(DATASET RECORDS begins)
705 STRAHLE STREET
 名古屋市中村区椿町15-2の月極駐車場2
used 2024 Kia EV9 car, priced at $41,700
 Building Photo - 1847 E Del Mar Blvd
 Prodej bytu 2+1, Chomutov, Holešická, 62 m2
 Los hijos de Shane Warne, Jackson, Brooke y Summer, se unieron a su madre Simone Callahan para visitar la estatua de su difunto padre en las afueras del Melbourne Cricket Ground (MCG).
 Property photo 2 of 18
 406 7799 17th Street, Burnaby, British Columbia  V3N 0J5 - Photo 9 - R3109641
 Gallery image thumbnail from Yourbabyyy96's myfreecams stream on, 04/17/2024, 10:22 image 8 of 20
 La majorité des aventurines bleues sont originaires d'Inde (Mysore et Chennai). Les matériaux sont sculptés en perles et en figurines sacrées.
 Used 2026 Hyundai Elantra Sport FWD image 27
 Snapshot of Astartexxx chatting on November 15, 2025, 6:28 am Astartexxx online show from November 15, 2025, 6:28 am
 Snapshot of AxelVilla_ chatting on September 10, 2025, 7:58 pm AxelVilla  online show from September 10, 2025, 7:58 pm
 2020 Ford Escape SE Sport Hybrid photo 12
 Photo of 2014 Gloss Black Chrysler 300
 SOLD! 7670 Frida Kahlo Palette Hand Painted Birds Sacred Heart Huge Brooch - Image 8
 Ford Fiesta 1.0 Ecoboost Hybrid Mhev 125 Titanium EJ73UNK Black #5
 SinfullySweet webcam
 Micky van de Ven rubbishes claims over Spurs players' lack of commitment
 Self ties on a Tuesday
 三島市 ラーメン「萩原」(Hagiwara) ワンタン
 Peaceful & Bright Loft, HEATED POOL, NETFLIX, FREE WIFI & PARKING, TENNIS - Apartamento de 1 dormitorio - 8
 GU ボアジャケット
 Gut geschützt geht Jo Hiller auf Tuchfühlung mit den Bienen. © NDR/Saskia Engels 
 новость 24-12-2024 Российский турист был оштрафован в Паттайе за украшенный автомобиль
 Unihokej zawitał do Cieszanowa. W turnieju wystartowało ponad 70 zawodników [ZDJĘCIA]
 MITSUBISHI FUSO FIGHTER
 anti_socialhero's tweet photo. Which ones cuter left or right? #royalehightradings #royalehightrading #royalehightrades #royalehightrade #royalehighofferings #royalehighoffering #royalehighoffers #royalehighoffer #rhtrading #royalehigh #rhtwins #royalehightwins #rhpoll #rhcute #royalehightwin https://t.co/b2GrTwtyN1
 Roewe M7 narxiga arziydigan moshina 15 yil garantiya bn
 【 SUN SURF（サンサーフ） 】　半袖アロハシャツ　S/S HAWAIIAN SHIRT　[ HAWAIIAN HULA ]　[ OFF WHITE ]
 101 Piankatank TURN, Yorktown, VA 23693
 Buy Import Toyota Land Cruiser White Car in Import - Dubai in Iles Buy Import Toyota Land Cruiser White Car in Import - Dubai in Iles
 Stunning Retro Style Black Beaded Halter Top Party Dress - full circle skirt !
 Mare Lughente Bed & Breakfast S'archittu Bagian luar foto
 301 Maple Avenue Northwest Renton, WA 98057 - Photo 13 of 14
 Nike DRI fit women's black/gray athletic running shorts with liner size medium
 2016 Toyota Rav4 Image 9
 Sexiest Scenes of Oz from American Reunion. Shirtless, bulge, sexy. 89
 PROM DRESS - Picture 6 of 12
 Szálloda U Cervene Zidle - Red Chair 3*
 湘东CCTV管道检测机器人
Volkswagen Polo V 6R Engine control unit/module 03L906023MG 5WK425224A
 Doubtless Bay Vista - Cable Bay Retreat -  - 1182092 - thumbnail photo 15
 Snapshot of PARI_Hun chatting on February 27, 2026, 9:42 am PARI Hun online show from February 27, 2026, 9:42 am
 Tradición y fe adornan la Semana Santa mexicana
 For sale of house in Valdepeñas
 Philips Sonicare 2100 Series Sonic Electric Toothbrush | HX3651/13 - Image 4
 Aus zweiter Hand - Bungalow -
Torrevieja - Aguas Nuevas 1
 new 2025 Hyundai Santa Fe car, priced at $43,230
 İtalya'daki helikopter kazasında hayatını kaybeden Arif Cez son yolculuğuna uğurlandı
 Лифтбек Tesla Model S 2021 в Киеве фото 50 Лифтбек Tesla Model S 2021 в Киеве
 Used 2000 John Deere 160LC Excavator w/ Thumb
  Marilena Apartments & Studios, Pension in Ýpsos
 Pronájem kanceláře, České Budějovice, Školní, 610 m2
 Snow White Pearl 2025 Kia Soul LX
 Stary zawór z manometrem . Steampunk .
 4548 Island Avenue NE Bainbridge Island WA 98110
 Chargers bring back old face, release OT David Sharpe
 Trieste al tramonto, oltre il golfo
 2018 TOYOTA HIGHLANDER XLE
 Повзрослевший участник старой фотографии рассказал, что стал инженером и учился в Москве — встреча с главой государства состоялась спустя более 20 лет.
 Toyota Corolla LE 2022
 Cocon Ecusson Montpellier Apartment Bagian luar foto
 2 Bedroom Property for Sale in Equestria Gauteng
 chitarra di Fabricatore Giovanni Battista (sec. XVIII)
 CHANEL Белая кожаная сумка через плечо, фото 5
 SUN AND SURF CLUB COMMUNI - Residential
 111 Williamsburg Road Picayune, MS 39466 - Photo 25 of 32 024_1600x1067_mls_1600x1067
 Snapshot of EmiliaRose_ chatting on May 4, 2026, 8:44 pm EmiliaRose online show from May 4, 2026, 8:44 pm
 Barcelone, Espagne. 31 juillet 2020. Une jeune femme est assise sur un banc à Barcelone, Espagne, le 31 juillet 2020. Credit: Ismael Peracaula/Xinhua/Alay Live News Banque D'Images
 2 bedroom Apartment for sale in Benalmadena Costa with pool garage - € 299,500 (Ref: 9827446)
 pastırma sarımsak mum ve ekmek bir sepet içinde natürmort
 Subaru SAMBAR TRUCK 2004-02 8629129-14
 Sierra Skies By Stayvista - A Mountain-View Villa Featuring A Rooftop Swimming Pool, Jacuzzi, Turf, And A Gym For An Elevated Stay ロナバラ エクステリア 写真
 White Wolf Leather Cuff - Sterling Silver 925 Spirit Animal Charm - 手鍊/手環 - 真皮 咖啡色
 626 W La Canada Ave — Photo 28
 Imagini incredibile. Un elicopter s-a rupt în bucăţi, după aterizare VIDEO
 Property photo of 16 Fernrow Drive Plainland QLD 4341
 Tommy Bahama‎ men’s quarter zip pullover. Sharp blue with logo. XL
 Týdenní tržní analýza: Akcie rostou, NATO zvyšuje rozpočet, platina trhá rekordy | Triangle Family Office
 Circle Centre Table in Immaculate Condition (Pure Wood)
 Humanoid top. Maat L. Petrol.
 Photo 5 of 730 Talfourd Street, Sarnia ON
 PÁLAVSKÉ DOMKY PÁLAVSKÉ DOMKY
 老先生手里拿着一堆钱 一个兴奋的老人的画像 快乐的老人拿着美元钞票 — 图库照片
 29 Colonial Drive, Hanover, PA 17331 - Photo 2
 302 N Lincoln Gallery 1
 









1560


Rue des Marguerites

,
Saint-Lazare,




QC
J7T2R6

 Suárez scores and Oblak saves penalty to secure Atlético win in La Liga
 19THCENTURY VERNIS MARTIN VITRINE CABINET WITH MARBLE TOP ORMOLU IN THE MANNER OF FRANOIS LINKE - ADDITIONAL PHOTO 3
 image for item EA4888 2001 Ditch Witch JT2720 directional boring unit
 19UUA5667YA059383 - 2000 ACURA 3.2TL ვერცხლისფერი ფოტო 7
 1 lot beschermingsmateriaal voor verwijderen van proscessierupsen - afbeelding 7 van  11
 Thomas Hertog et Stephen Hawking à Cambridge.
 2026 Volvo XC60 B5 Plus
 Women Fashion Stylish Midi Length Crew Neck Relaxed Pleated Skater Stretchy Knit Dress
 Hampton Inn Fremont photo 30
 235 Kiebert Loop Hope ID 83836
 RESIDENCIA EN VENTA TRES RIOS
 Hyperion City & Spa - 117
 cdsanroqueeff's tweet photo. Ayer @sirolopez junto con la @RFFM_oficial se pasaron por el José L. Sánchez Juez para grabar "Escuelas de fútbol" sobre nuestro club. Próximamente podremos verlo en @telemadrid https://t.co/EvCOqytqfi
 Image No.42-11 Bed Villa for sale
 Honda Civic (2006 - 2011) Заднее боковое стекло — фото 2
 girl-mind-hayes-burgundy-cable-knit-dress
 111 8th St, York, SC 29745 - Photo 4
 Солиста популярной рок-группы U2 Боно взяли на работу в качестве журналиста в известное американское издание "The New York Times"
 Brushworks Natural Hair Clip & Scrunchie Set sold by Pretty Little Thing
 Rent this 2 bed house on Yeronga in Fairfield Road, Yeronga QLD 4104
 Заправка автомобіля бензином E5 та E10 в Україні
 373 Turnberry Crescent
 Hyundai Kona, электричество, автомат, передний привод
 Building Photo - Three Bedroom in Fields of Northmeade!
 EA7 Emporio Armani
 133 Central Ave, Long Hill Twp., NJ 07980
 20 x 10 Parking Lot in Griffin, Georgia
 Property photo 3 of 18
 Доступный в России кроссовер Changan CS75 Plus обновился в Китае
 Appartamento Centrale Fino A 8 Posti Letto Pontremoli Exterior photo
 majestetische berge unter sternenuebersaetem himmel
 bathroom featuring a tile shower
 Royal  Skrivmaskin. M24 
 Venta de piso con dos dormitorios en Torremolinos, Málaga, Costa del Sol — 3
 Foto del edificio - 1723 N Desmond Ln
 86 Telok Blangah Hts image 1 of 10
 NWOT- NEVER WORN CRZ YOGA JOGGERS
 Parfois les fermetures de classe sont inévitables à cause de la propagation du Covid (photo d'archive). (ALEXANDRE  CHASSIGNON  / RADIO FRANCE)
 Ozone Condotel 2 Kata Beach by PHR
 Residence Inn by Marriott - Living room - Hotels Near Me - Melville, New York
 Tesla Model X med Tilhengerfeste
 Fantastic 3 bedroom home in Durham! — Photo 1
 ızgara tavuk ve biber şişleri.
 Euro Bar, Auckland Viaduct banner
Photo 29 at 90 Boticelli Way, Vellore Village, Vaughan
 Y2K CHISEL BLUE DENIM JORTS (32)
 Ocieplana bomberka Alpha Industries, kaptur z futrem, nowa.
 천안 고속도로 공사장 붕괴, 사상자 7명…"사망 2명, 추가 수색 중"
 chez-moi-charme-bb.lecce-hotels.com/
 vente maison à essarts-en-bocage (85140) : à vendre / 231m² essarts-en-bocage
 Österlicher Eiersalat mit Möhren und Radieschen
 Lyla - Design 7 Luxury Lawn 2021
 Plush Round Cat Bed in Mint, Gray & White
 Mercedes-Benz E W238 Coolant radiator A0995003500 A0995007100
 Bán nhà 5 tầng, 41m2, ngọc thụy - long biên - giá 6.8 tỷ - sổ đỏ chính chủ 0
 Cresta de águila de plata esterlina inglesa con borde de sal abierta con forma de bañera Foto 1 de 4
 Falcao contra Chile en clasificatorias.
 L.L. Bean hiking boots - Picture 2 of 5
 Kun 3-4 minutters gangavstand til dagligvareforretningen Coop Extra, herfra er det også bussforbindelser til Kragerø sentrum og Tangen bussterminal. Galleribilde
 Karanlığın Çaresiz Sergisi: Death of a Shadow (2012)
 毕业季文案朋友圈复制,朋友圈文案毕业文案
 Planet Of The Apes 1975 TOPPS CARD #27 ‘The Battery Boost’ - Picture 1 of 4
(DATASET RECORDS ends)
◆ **WHAT YOU HAVE TO DO**: Return every line from the entries above that includes the word "luar".

◆ **OUTPUT FOR THIS EXERCISE**:
 Mare Lughente Bed & Breakfast S'archittu Bagian luar foto
 Cocon Ecusson Montpellier Apartment Bagian luar foto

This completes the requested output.